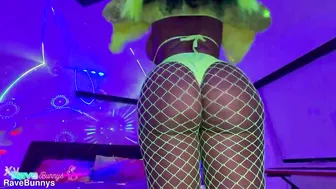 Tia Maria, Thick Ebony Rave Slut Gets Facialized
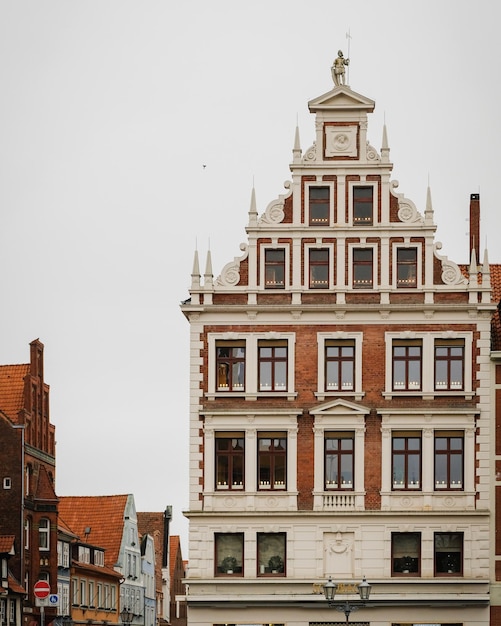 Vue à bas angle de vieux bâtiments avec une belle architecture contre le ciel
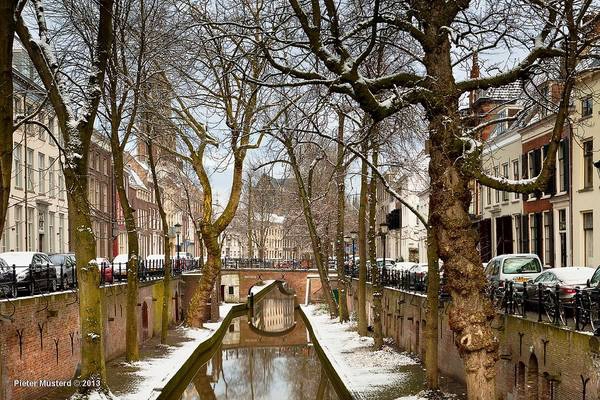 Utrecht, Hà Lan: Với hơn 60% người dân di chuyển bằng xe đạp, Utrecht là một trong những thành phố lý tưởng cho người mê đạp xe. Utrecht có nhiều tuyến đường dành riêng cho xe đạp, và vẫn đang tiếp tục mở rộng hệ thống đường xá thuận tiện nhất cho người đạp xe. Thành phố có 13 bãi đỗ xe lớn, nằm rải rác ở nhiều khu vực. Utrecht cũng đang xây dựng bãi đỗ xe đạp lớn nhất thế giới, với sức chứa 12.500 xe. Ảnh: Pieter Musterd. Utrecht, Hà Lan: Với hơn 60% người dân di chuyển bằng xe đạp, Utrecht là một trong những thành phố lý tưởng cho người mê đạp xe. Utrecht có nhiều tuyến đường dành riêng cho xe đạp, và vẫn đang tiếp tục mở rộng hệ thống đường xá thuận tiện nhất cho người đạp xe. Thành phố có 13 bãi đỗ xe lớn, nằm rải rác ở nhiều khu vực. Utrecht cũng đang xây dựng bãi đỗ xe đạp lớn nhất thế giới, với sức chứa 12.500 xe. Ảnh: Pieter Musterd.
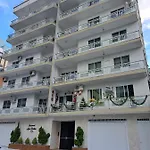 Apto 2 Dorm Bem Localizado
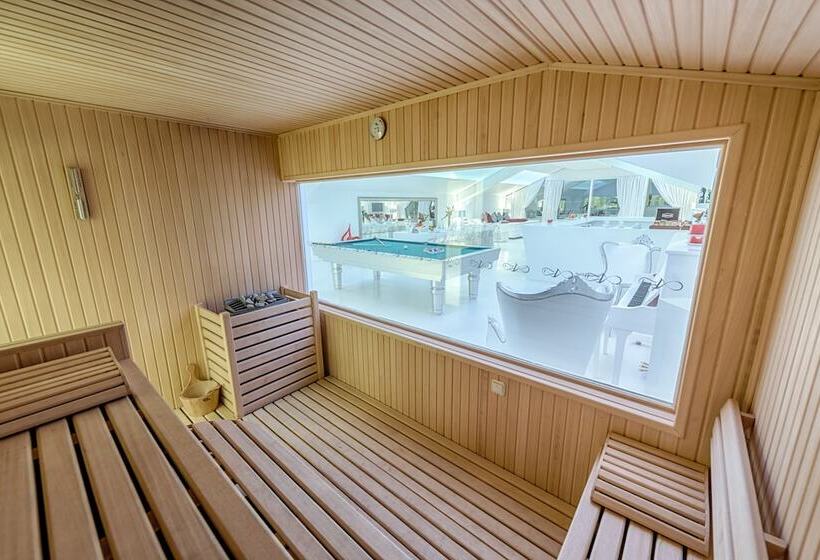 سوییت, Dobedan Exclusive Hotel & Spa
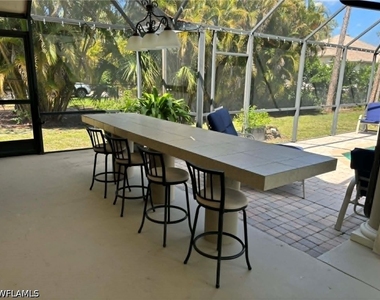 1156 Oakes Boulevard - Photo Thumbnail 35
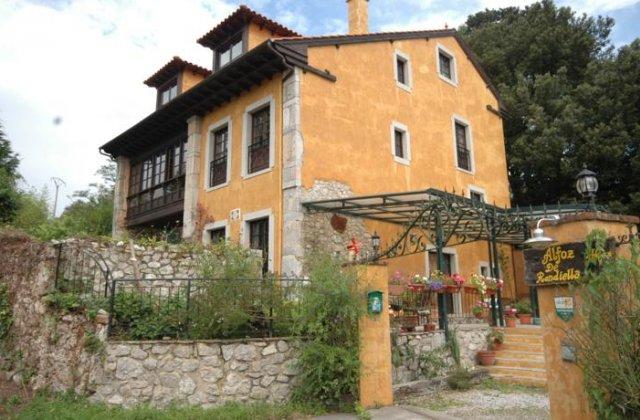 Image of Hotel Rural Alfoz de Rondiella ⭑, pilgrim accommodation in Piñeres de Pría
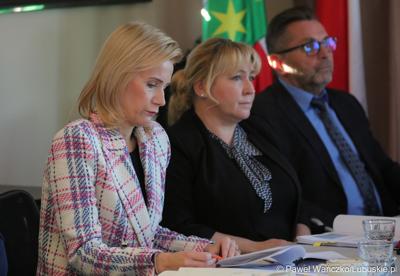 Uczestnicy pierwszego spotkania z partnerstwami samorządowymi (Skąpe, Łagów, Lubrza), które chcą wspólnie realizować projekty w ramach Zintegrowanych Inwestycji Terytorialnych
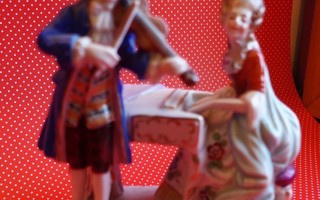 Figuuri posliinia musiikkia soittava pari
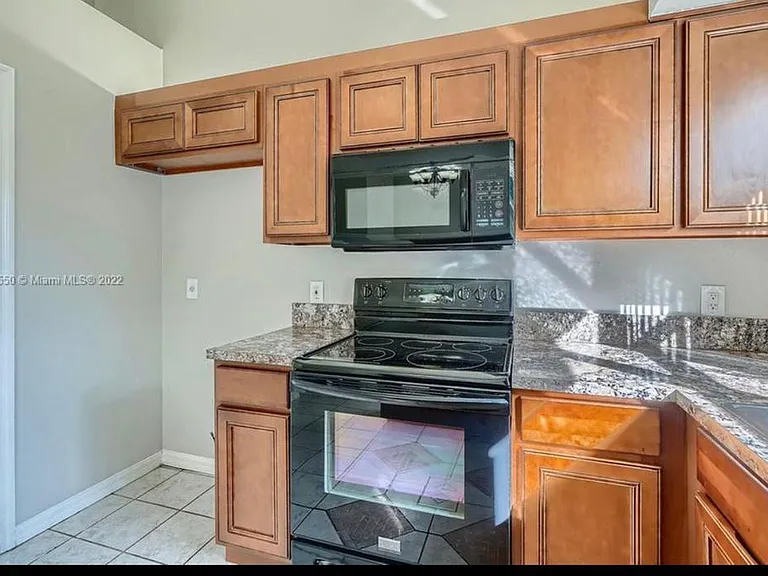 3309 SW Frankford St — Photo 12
#####
> [What the task asks]:
Would you please retype all the data exactly? Leave out whatever pictures it holds.

> [The completed task]:
 Tia Maria, Thick Ebony Rave Slut Gets Facialized
 Vue à bas angle de vieux bâtiments avec une belle architecture contre le ciel
 Utrecht, Hà Lan: Với hơn 60% người dân di chuyển bằng xe đạp, Utrecht là một trong những thành phố lý tưởng cho người mê đạp xe. Utrecht có nhiều tuyến đường dành riêng cho xe đạp, và vẫn đang tiếp tục mở rộng hệ thống đường xá thuận tiện nhất cho người đạp xe. Thành phố có 13 bãi đỗ xe lớn, nằm rải rác ở nhiều khu vực. Utrecht cũng đang xây dựng bãi đỗ xe đạp lớn nhất thế giới, với sức chứa 12.500 xe. Ảnh: Pieter Musterd. Utrecht, Hà Lan: Với hơn 60% người dân di chuyển bằng xe đạp, Utrecht là một trong những thành phố lý tưởng cho người mê đạp xe. Utrecht có nhiều tuyến đường dành riêng cho xe đạp, và vẫn đang tiếp tục mở rộng hệ thống đường xá thuận tiện nhất cho người đạp xe. Thành phố có 13 bãi đỗ xe lớn, nằm rải rác ở nhiều khu vực. Utrecht cũng đang xây dựng bãi đỗ xe đạp lớn nhất thế giới, với sức chứa 12.500 xe. Ảnh: Pieter Musterd.
 Apto 2 Dorm Bem Localizado
 سوییت, Dobedan Exclusive Hotel & Spa
 1156 Oakes Boulevard - Photo Thumbnail 35
 Image of Hotel Rural Alfoz de Rondiella ⭑, pilgrim accommodation in Piñeres de Pría
 Uczestnicy pierwszego spotkania z partnerstwami samorządowymi (Skąpe, Łagów, Lubrza), które chcą wspólnie realizować projekty w ramach Zintegrowanych Inwestycji Terytorialnych
 Figuuri posliinia musiikkia soittava pari
 3309 SW Frankford St — Photo 12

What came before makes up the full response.